The news came in a letter addressed to the president of Public Bike System Company, known in French as the Sociétéde vélos en libre-service, or SVLS.
In the letter, dated Sept. 11, Auditor General Jacques Bergeron said the evidence he saw while compiling his annual report on Bixi's operations led him to believe SVLS and Bixi Toronto were in serious trouble.
The Quebec-founded bike-sharing service has lost millions of dollars since hitting Montreal streets in 2008.
In 2011, Montreal's city council approved a $108-million bailout package for the program to cover a budget shortfall. That included a $37-million loan to cover Bixi's deficit and another $71 million in loan guarantees to export and develop the system abroad.

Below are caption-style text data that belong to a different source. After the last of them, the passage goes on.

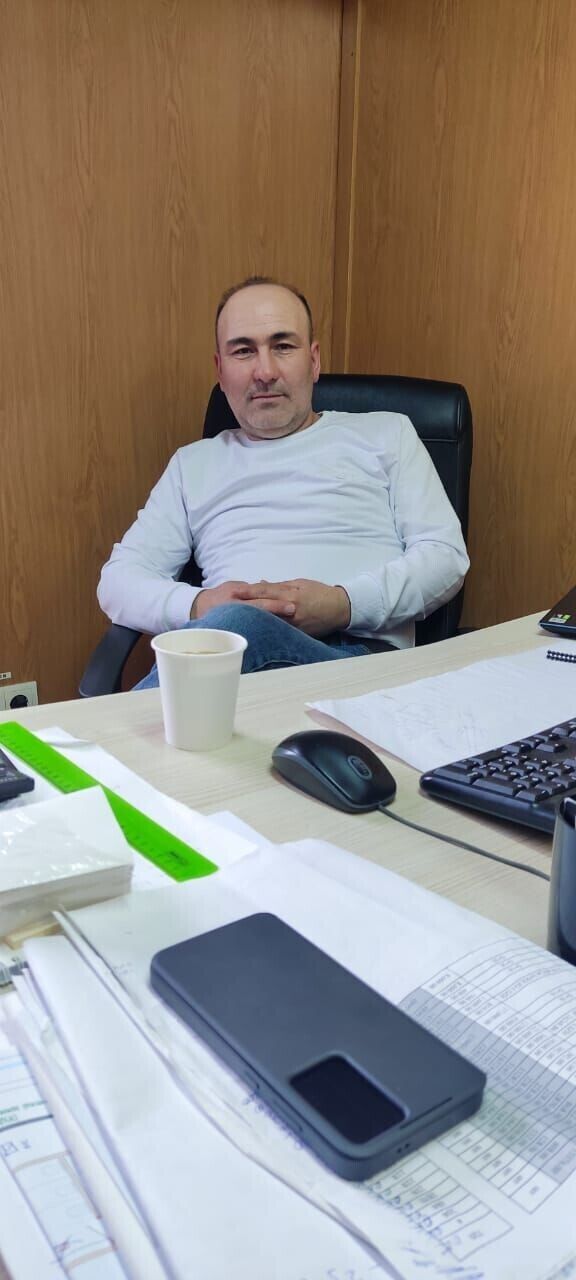  43047895  Murat, 46 ,    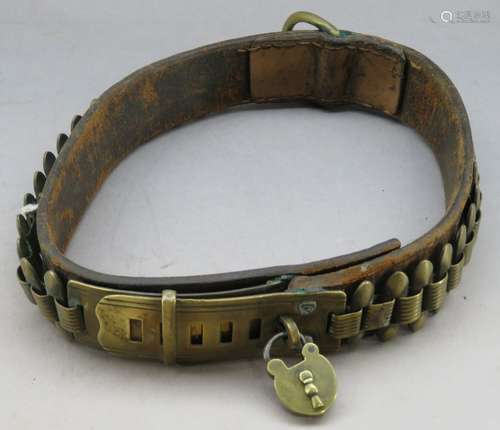 Ⓦ A BRASS-MOUNTED LEATHER DOG COLLAR AND PADLOCK^ LATE 19TH/...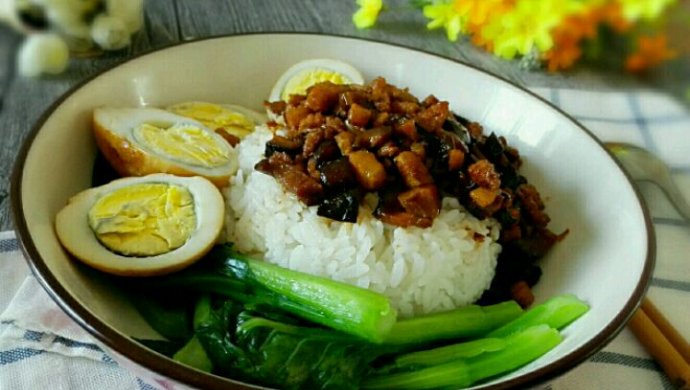 家常卤肉饭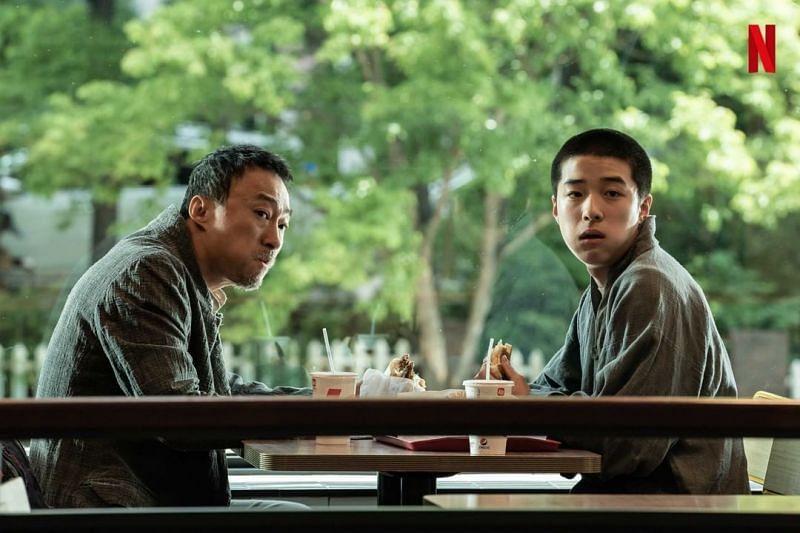 A still of Lee Sung-min as Seohwa and Nam Da-reum as Chang-seok in The 8th Night. (Instagram/NetflixKr)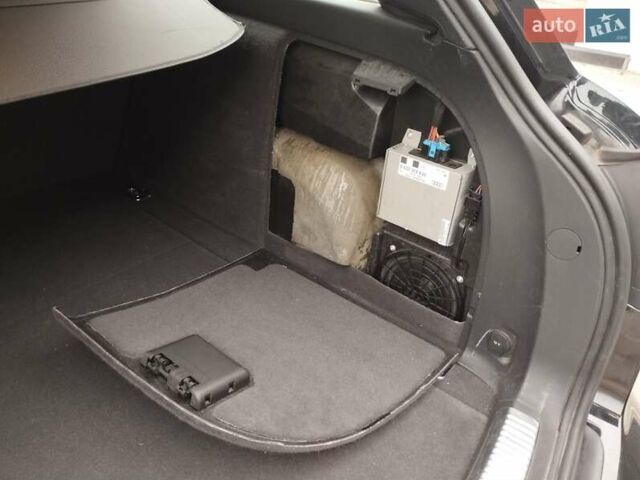 Чорний Ауді А4, об'ємом двигуна 2 л та пробігом 229 тис. км за 8950 $, фото 28 на Automoto.ua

Réal Ménard, the Montreal city hall executive committee member in charge of the transportation dossier, told CBC's Daybreak Montreal he cannot guarantee the administration will put more money into Bixi if it requires assistance.
"If you say... 'can you make a commitment that City Hall will put... money to Bixi?' I think it’s not going to happen. But it doesn’t mean that Bixi will not be in operation," said Ménard.
Cash problems may be from U.S. money due
Ménard said he is concerned about Bixi's cash flow problems, but that the program is not facing bankruptcy, and bikes will be back on the streets next season.
Ménard said these financial difficulties are due to outstanding payments from U.S. cities that use the bike-sharing program.
"We're expecting to have money. When the money will be there, Bixi will be in a better situation," said Ménard.
"We are optimistic that the crisis we are talking about will be solved."
Bergeron's report on Bixi's financial year that ended Dec. 31 was expected to be submitted to Montreal city council on Monday, but Ménard says he has not yet seen the document.
"The taxpayer has the right to know the financial situation," said Ménard.
"We need to have this information because we are talking about a public fund."
The service spread to a number of cities in Canada and around the world.
New York City just this year introduced its version of Bixi, called Citi Bike, to its city grid.